> **Task prompt**
Repeat the listing that follows exactly. Pictures are not part of the copy.

> **Raw data**
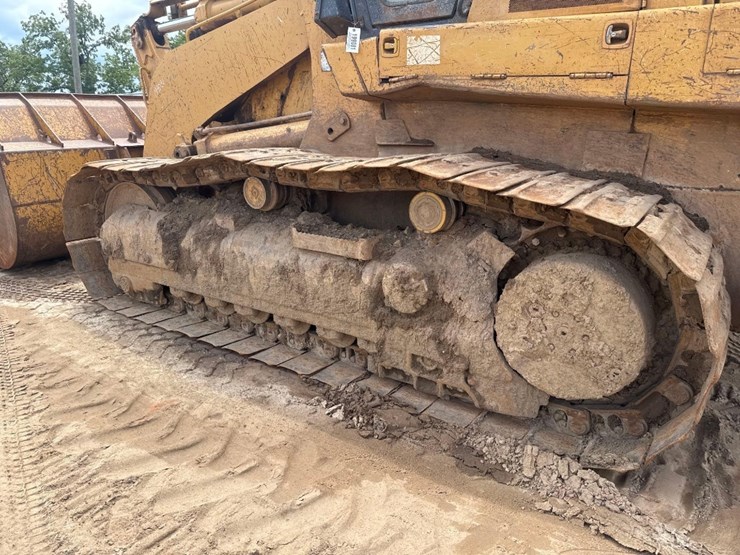 2002-caterpillar-973c-image-9
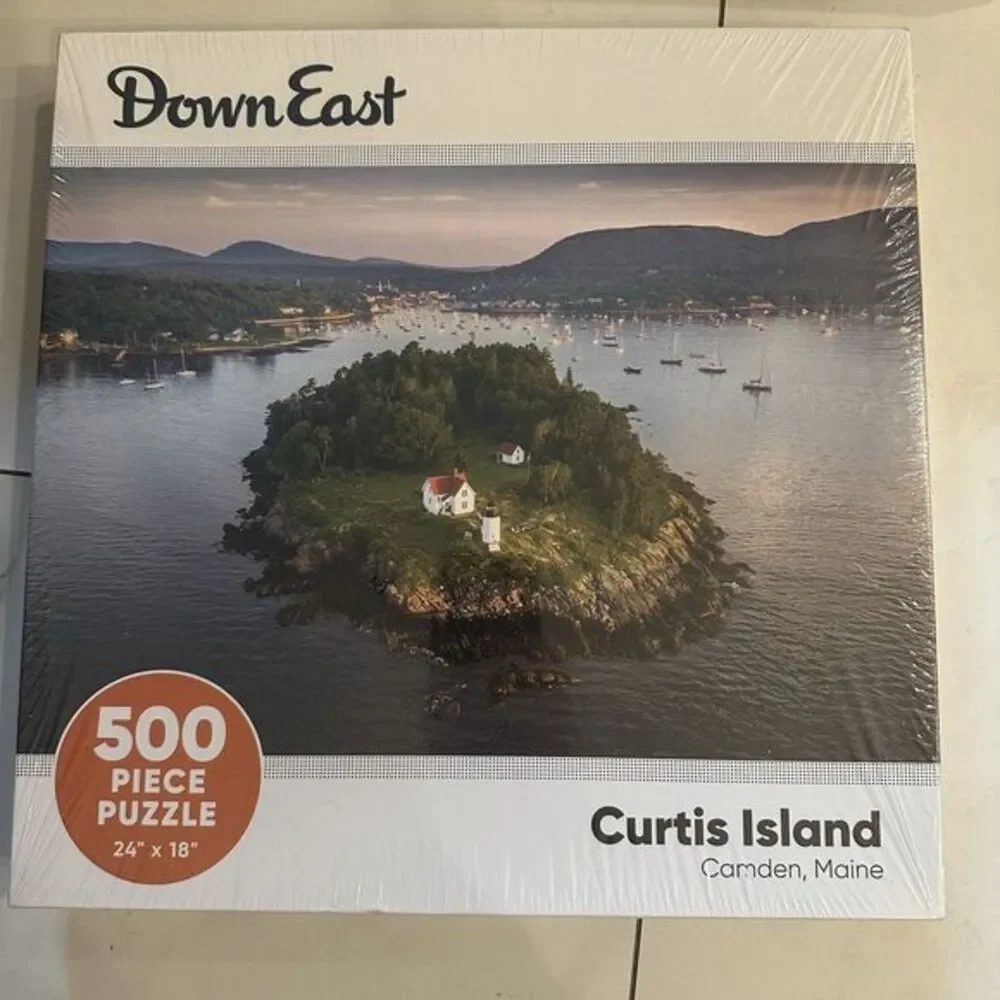 NIB Down East Curtis island puzzle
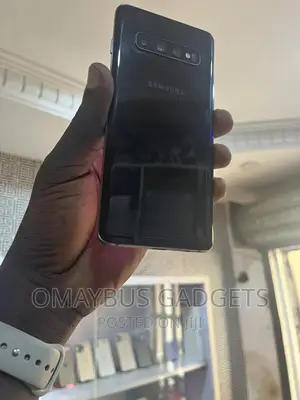 Samsung Galaxy S10 128 GB Black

> **Your response**
 2002-caterpillar-973c-image-9
 NIB Down East Curtis island puzzle
 Samsung Galaxy S10 128 GB Black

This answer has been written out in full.